Image courtesy of NASA
Earth Sciences, Planetary Geology and Remote Sensing
CPSE members study the geological past and present of planetary bodies. Research projects include planetary formation and interior evolution, volcanism, meteorite impact processes, surface processes, tectonics, and planetary environments. Members conduct geologic mapping of the Moon, Mars, and Venus using radar, optical, thermal, and hyperspectral data, and investigate planetary interiors through high-pressure and high-temperature experiments as well as analysis of meteorites and lunar samples. Ancient Martian environments, paleoclimate, and habitability are studied by sedimentology and stratigraphy to interpret lake and fluvial systems, thermophysical studies of dunes, machine learning, remote sensing, and rover data.

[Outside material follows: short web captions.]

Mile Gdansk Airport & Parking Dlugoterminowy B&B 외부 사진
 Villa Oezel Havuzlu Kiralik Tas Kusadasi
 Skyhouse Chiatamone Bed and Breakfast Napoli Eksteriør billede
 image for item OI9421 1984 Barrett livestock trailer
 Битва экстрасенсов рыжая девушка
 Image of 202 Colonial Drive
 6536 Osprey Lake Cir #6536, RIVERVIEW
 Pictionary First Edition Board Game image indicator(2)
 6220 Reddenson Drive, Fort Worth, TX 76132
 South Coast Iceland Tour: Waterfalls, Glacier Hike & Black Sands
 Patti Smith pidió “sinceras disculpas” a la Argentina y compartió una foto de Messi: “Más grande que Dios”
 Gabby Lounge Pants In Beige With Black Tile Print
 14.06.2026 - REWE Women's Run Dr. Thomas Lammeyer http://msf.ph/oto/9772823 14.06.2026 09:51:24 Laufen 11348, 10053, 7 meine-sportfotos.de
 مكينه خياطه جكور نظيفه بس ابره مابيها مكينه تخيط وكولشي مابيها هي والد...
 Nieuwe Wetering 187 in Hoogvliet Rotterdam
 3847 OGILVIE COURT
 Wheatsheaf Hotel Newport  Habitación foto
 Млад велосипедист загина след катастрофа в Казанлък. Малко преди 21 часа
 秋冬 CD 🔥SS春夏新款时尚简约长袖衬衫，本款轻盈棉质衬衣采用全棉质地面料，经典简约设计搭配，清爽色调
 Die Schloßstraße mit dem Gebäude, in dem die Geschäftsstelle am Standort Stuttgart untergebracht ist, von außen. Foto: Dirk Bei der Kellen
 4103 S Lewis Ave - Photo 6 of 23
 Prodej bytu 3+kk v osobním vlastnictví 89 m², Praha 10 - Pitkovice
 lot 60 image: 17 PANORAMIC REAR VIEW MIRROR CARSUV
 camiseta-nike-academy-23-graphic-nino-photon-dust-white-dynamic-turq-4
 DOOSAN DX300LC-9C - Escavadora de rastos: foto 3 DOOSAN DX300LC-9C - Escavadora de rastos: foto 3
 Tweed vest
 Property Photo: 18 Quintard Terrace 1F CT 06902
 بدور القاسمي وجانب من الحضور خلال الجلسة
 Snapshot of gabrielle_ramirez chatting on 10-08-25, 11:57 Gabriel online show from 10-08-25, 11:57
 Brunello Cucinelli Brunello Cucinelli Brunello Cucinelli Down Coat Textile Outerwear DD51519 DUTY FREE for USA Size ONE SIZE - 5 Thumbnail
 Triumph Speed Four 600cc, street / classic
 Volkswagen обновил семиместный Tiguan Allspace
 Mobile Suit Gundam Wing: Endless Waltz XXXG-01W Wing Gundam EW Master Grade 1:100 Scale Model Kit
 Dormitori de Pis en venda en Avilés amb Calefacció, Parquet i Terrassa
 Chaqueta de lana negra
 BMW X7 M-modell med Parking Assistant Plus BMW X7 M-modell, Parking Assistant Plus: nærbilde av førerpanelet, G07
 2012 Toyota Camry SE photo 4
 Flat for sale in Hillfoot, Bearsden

CPSE members also study Earth to better understand other planets. To help interpretation of remote sensing data, members conduct analog fieldwork in Australia, Antarctica, and other extreme environments. Additionally, researchers use remote sensing to study Earth’s environmental change, vegetation dynamics, and land-use patterns.
Astrophysics & Cosmochemistry
Here, we explore fundamental questions about the origins of planets and the solar system. Atomic nuclei originate during the lives and deaths of stars. CPSE researchers study these processes by simulating nucleosynthesis in stars, novae, and supernovae. The products of these events built stars and planets, including the planets, moons, asteroids, and dust in our own solar system. Understanding the composition of small bodies and dust is also a central focus of CPSE member research.
CPSE members model how galactic cosmic rays, solar particle events, and the secondary particles they generate interact with spacecraft components, electronics, potential habitats, planetary surfaces, and astronauts. By calculating radiation doses and understanding how particles interact with different materials, we can better assess exploration risks and develop shielding strategies or identify safer landing locations on planetary surfaces. Radiation also drives chemical processes in planetary atmospheres and on surfaces. For example, CPSE researchers examine how energetic particles influence the chemistry of Titan’s atmosphere.
Engineering & Instrumentation
Another aspect of planetary exploration is spacecraft testing and operating, as well as the development of scientific instruments. CPSE members analyze structural dynamics, vibration control, nonlinear behavior, and health monitoring to ensure that vehicles and instruments survive launch, landing, and long-term operation. Some researchers also develop, and test electronic systems and circuits designed to function under extreme pressures, temperatures, and radiation levels.
CPSE also collaborates with the Student Space Technology Association (SSTA). The SSTA project scope covers rockets, robotics, hypersonics, and space systems. The student-run team operates out of a 2,700 sqft workshop and has built the largest collegiate rocket test stand in the U.S.
Plant Sciences
Long-duration crewed space missions will benefit from freshly grown food and CPSE researchers study how fresh crops can be grown efficiently in controlled environments, such as space-habitats. Researchers investigate how light intensity, duration, and spectrum, as well as temperature, CO₂ levels, nutrients, and plant growth regulators, affect the growth of vegetables, leafy greens, and culinary herbs. In addition to general physiology and production research, they analyze how to improve flavor, nutritional value, and visual quality. These studies aim to improve taste, appeal, yield, and overall sustainability.